■ WORK TO COMPLETE ■
The entries below hold a line with "Assalamualaikum, my name" and a line with "In the main". Return those lines and all that lie between them, exactly and only.

■ DATA FOR REVIEW ■
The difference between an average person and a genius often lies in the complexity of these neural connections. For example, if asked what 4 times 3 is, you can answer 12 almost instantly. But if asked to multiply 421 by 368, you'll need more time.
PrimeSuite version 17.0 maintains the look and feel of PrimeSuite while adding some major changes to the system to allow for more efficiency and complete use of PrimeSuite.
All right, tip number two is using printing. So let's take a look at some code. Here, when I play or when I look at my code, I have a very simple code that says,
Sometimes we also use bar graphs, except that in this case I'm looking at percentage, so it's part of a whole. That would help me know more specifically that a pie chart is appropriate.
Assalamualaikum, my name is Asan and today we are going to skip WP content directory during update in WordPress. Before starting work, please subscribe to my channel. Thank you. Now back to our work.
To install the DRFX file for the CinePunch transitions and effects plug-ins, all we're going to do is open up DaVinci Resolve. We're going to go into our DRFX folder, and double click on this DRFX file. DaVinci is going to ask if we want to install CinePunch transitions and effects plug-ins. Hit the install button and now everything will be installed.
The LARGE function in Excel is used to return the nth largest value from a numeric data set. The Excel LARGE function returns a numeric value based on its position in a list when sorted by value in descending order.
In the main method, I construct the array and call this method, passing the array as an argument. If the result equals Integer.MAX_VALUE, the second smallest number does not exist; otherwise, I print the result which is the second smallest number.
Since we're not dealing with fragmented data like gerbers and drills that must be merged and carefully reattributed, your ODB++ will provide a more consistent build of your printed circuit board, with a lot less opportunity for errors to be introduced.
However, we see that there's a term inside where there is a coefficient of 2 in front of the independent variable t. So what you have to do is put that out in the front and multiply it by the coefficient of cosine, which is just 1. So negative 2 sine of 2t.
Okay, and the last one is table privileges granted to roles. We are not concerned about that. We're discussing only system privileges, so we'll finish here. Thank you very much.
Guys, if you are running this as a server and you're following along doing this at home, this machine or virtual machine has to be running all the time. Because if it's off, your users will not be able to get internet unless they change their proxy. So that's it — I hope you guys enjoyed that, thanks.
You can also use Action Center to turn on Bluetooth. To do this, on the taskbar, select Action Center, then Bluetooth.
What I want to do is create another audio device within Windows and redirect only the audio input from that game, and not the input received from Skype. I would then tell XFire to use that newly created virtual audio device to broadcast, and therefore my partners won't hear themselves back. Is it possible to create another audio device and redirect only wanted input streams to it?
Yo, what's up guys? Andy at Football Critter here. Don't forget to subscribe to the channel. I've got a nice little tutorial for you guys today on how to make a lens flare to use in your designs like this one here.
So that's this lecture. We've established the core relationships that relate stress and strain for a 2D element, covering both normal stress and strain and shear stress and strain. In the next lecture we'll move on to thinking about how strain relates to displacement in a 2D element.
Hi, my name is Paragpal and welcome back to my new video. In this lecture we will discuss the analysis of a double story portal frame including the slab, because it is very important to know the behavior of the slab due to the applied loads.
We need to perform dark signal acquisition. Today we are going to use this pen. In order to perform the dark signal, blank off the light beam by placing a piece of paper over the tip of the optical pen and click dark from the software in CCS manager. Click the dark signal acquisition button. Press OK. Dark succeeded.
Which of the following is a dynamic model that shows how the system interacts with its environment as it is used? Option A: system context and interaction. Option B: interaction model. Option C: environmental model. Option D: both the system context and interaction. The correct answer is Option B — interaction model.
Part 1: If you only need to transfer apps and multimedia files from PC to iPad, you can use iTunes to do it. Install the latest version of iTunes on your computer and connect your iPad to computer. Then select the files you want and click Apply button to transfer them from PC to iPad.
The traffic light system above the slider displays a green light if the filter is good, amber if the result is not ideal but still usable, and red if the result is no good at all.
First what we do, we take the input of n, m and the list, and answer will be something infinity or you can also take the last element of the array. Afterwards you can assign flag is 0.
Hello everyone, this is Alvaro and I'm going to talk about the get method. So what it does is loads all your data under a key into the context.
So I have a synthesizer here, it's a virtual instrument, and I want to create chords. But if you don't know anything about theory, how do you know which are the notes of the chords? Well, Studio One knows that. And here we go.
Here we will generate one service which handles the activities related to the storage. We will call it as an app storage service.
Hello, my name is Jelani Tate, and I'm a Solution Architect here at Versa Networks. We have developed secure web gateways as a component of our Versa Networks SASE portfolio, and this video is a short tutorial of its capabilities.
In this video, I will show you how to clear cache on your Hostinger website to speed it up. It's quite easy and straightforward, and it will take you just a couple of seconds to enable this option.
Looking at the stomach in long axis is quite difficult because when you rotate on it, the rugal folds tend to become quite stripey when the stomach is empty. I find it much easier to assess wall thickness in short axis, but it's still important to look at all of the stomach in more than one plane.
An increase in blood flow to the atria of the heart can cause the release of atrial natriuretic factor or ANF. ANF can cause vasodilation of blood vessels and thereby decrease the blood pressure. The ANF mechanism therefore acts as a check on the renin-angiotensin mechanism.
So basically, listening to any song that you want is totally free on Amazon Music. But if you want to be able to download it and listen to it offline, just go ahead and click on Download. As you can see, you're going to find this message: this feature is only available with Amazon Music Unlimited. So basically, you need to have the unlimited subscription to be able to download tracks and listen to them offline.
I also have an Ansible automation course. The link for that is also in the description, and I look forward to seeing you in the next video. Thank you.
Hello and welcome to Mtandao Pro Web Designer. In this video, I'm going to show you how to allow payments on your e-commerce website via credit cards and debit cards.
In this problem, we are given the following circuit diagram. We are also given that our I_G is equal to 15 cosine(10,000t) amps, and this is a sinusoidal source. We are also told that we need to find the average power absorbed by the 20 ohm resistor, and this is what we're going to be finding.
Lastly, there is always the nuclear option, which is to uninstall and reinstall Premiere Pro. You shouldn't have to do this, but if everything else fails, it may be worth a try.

■ ANSWER SECTION ■
Assalamualaikum, my name is Asan and today we are going to skip WP content directory during update in WordPress. Before starting work, please subscribe to my channel. Thank you. Now back to our work.
To install the DRFX file for the CinePunch transitions and effects plug-ins, all we're going to do is open up DaVinci Resolve. We're going to go into our DRFX folder, and double click on this DRFX file. DaVinci is going to ask if we want to install CinePunch transitions and effects plug-ins. Hit the install button and now everything will be installed.
The LARGE function in Excel is used to return the nth largest value from a numeric data set. The Excel LARGE function returns a numeric value based on its position in a list when sorted by value in descending order.
In the main method, I construct the array and call this method, passing the array as an argument. If the result equals Integer.MAX_VALUE, the second smallest number does not exist; otherwise, I print the result which is the second smallest number.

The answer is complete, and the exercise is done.